TASK TO COMPLETE:
Restate each entry below exactly; pictures stay out of the copy.

MATERIAL SUPPLIED:
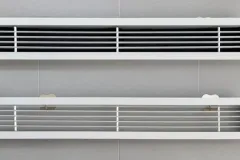 Phân phối miệng gió máy lạnh tại TP.HCM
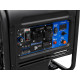 Бензиновый генератор ECO PE-210RWI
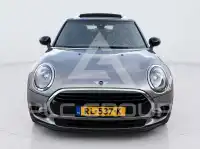 2018 Mini COOPER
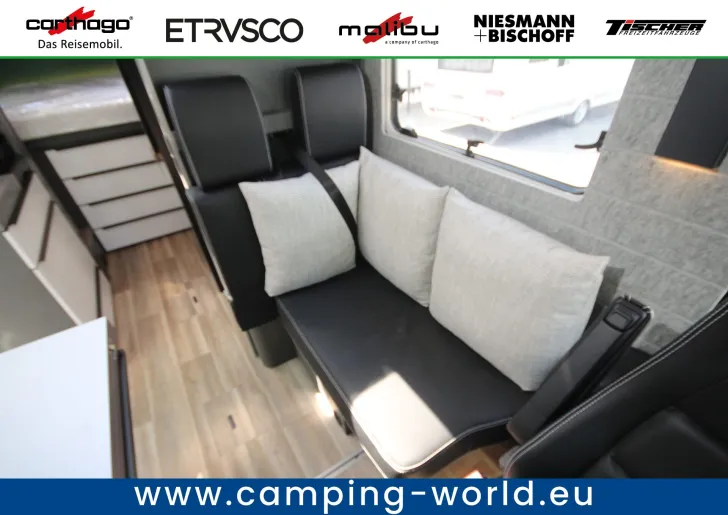 Fahrzeugbild Niesmann + Bischoff iSMOVE 7.3 F #65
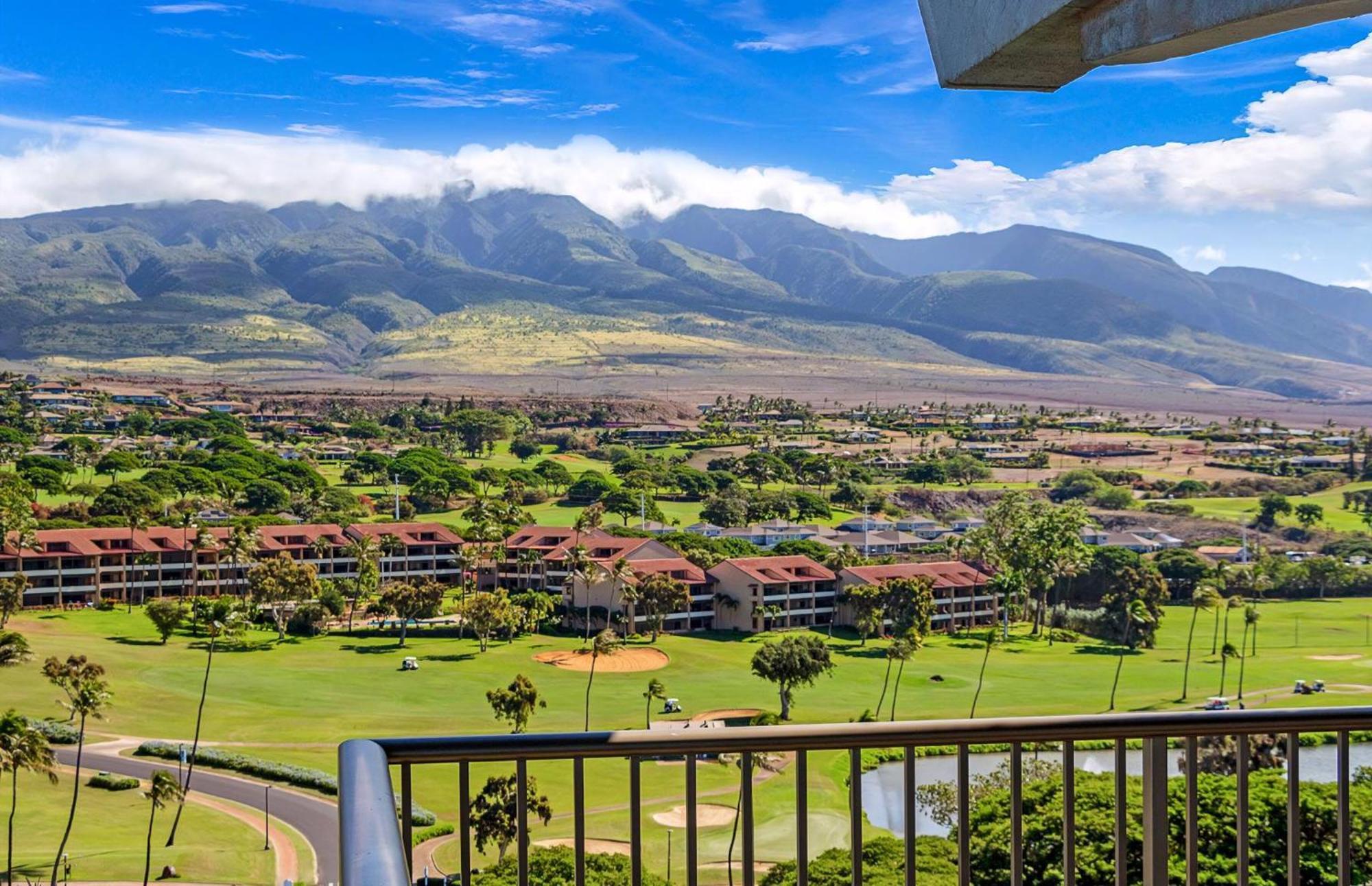 The Whaler By Maui Resort Rentals Lahaina Ngoại thất bức ảnh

WRITTEN SOLUTION:
 Phân phối miệng gió máy lạnh tại TP.HCM
 Бензиновый генератор ECO PE-210RWI
 2018 Mini COOPER
 Fahrzeugbild Niesmann + Bischoff iSMOVE 7.3 F #65
 The Whaler By Maui Resort Rentals Lahaina Ngoại thất bức ảnh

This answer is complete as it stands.